FHTC was contracted to perform repairs on the following:
The first owner of the farm, a Mr. White, built the bank barn in the last decade of the 19th century. Repairs to this barn including lifting the 89-foot x 47-foot barn off its foundation and replacing all the bottom sills and several of the top plates and “side trees”; replacing numerous timbers – some measuring more than 26 feet long; removing and salvaging all exterior siding and replacing deteriorated material with new siding milled at our own sawmill; and installing a new galvanized steel standing seam metal roof. The restoration of this barn alone required more than 18,000 board feet of timber and boards.
Mr. White also constructed a corn crib on the property which subsequent owners expanded into a machine shed with an addition. We replaced the timber sills and vaious framing members, installed a new foundation and new siding over most of the structure, and gave it a new standings seam galvanized roof.
After the Great Depression the farm went through a period of growth including the constuction of a 28 foot x 90 foot long loafing shed attached at a right angle to the original bank barn. Neglect all but erased that building and only about 1/3 of it was still standing by the time we began repairs. We reconstructed the collapsed framing and supplied and installed all new floor joists, flooring, siding, and roofing. This loafing shed accounted for most of the balance of the 26,000 board feet of timber and lumber that went into the Linden Farm restoration work.
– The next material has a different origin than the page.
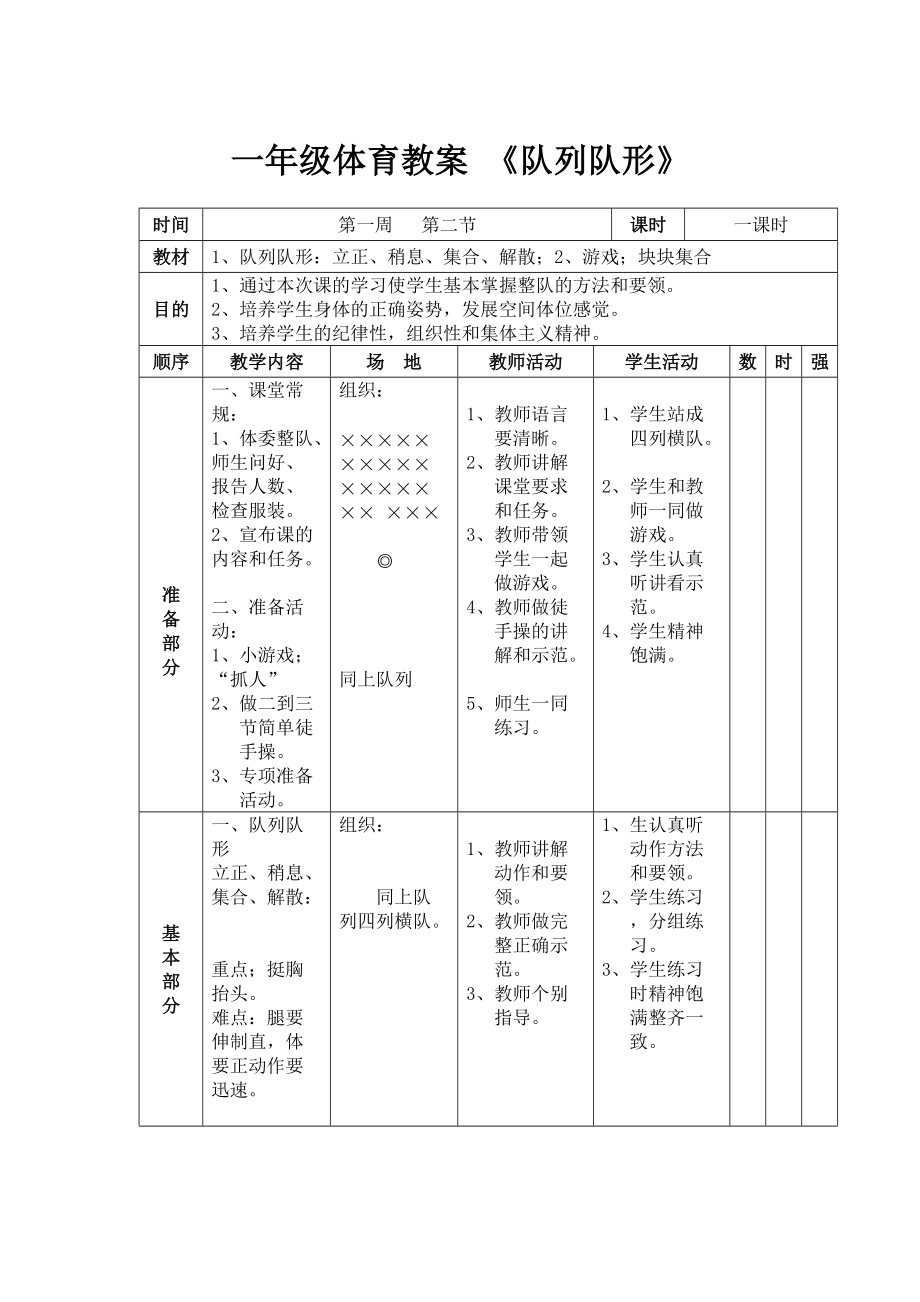 一年級(jí)體育教案《隊(duì)列隊(duì)形》MicrosoftWord文檔(4)_第1頁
Another mid-20th century construction was the gothic style dairy barn. Constructed of nailed-together laminated arches, it is said to be one of only three such barns still standing in this country. We performed various structural repairs, including replacing major sections of some of the arches, repairing roofing and flashing to stop water infiltration from destroying this historic landmark, and coating the entire roof with an elasotmeric paint to extend it's life by decades.